Будущий капиталист и вольнодумец воспитывался в духе религиозного аскетизма, в исключительной строгости. В семейной молельне ежедневно служили священники из Рогожской старообрядческой общины. Чрезвычайно набожная хозяйка дома, Мария Федоровна, всегда была окружена приживалками. Любой ее каприз был законом для домочадцев.
По субботам в доме меняли нательное белье. Братьям, старшему Савве и младшему Сергею, выдавалась только одна чистая рубаха, которая обычно доставалась Сереже – маминому любимчику. Савве приходилось донашивать ту, что снимал с себя брат. Более чем странно для богатейшей купеческой семьи, но это было не единственное чудачество хозяйки. Занимая двухэтажный особняк в 20 комнат, она не пользовалась электрическим освещением, считая его бесовской силой. По той же причине не читала газет и журналов, чуралась литературы, театра, музыки. Боясь простудиться, не мылась в ванне, предпочитая пользоваться одеколонами. И при этом держала домашних в кулаке так, что они рыпнуться не смели без ее дозволения.

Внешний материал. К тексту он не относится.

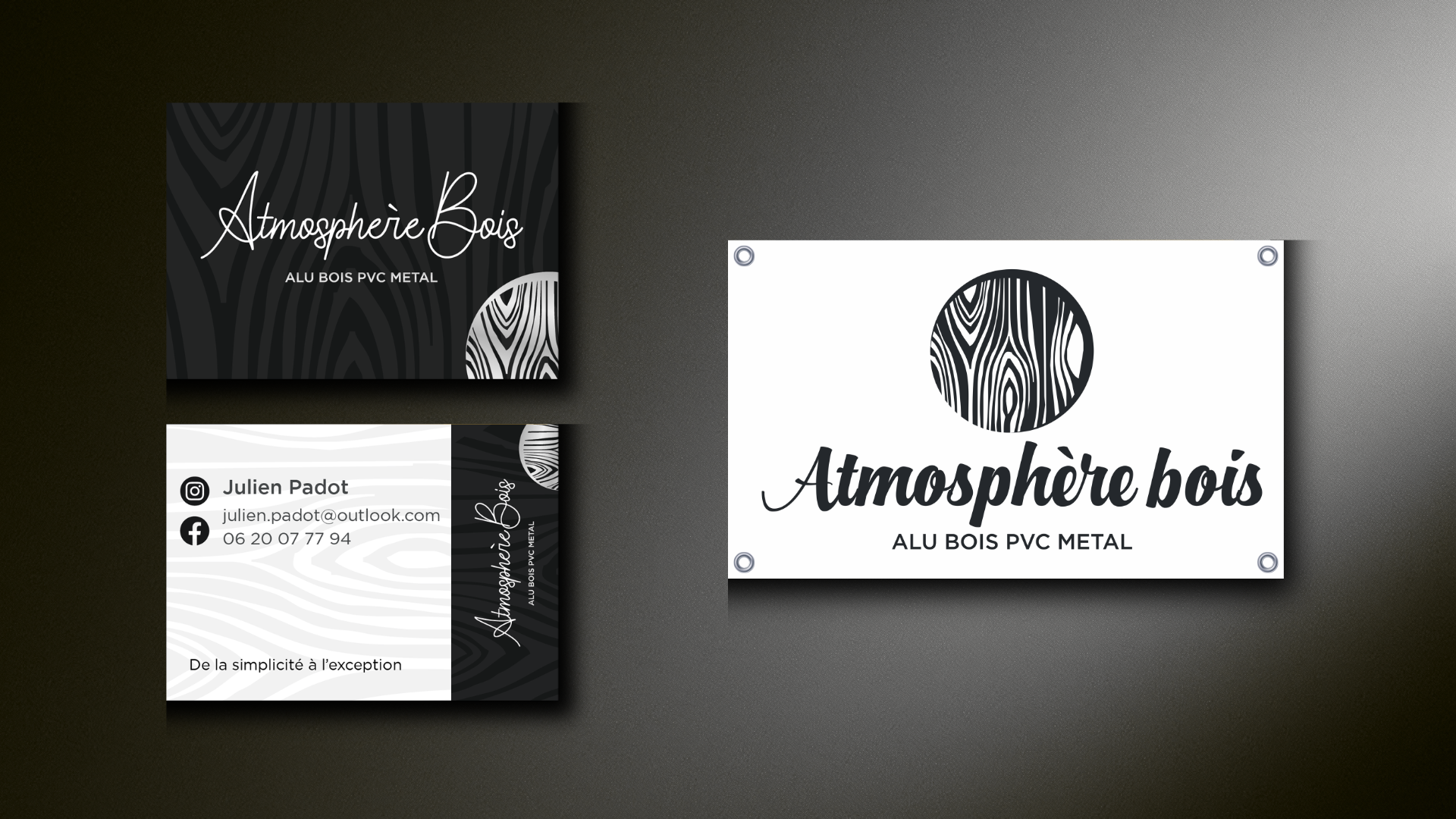 Atmosphère Bois : une identité graphique au service du savoir-faire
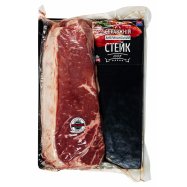 Стейк говяжий Справжнє-Є Нью-Йорк США охлажденный весовой Image - 1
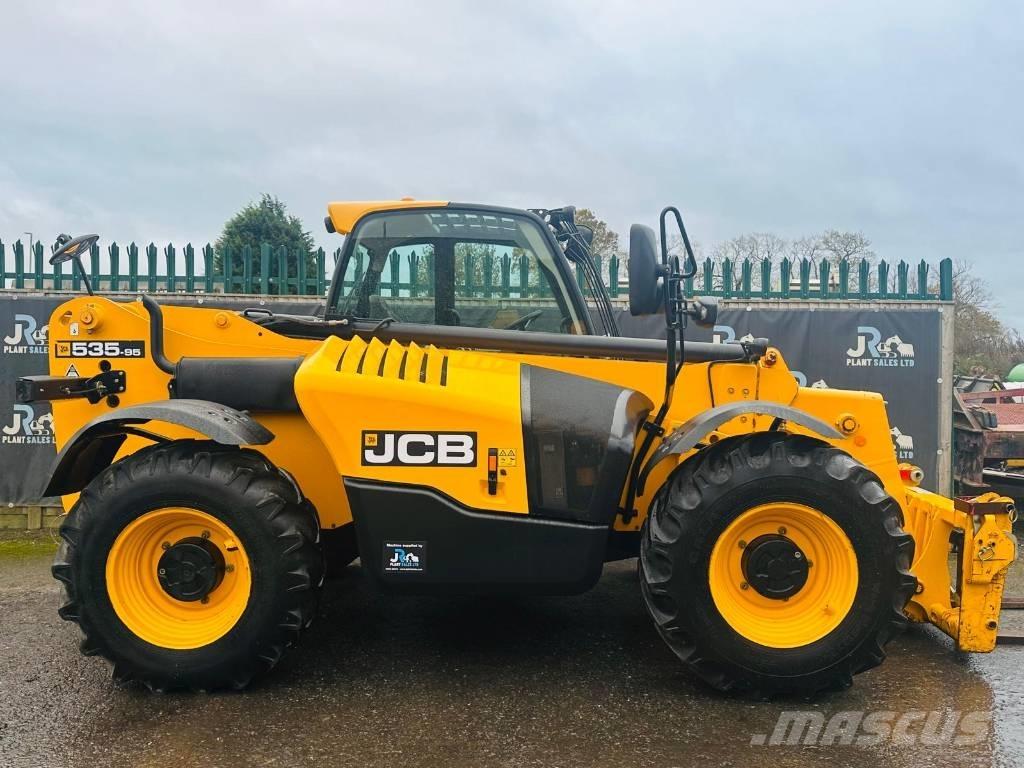 JCB 535-95 Телескопічний навантажувач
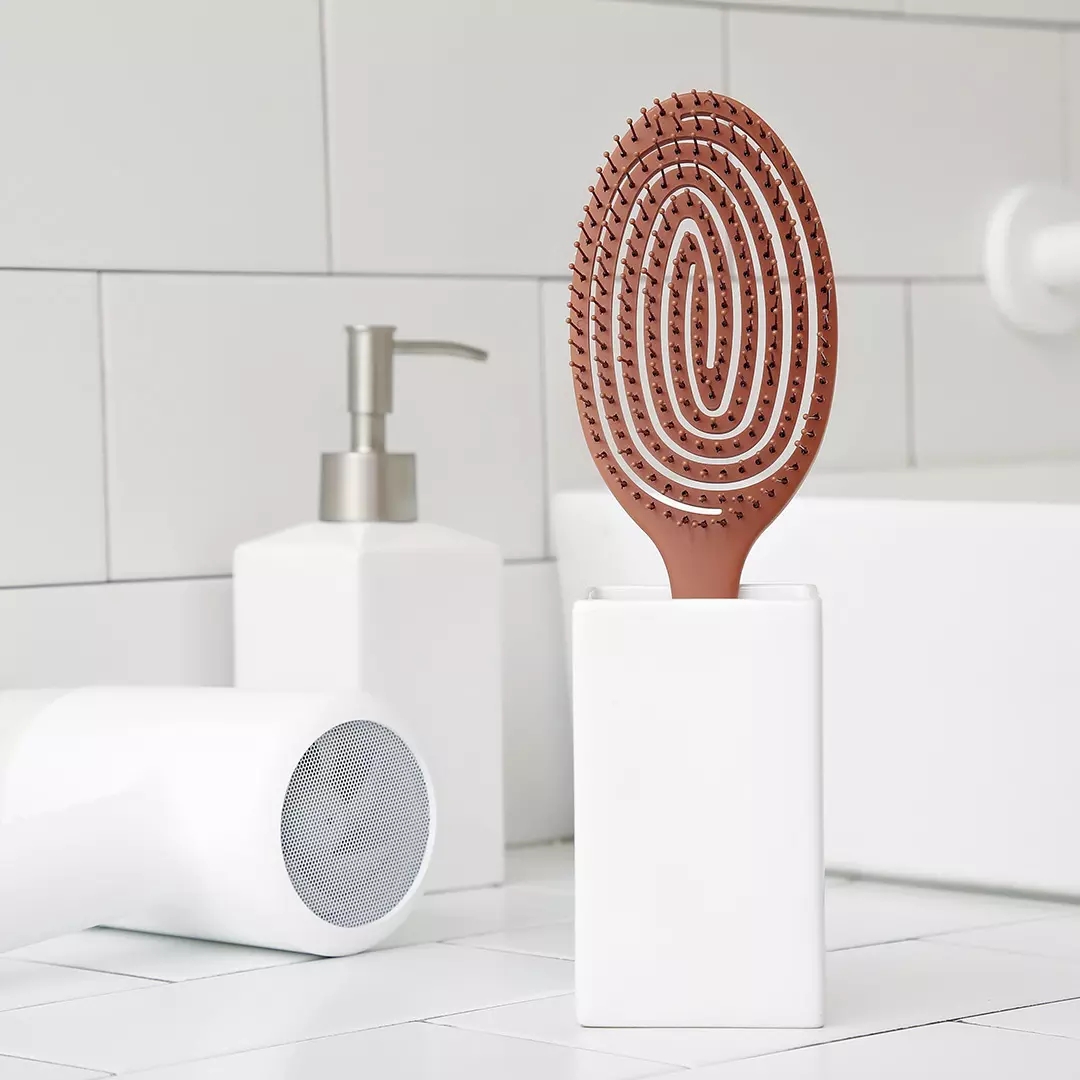 Youpin Xinzhi Relaxing Elastic Massage Comb Portable Hair Brush Massage Soothing Brush Anti-static Magic Brush Hair Styling Tool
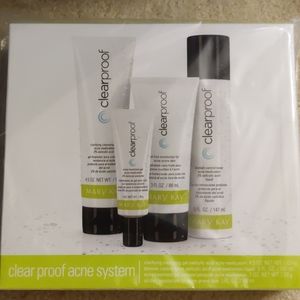Mary Kay clear proof acne system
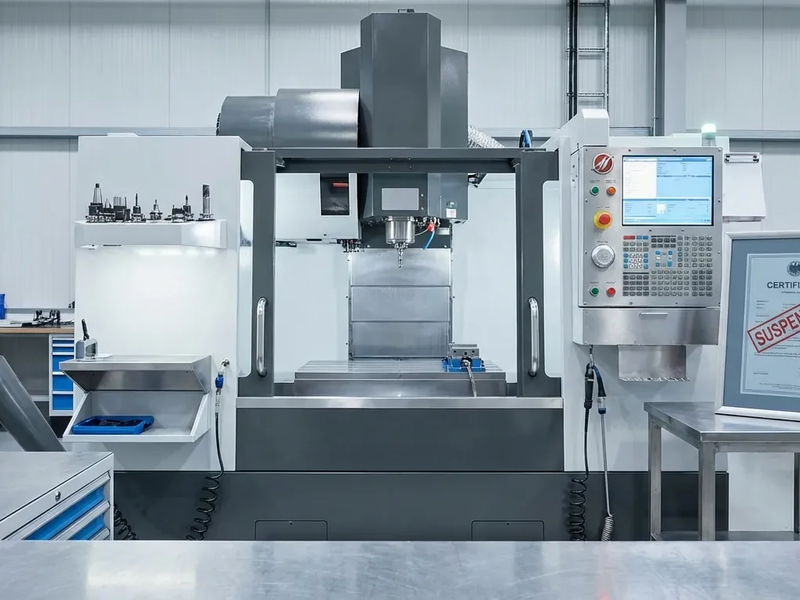 Indien setzt Maschinen-Zertifizierung auf unbestimmte Zeit aus - Foto: über boerse-global.de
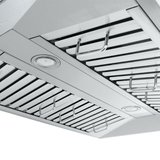 Wall Mounted Range Hood, Ducted, 1100 CFM, Stainless Steel Finish, Outdoor Rated Finish option | Proline PLFW 755 - Proline Range HoodsHome & Garden > Kitchen & Dining > Kitchen Appliances > Range HoodsPLFW 755.30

Тем не менее перемены неумолимо вторгались даже в прочно устоявшуюся старообрядческую жизнь. В морозовской семье уже были гувернантки и гувернеры, детей – четверых сыновей и четырех дочерей – обучали светским манерам, музыке, иностранным языкам. Причем применялись веками испытанные «формы воспитания» – за плохие успехи в учебе юную купеческую поросль нещадно драли.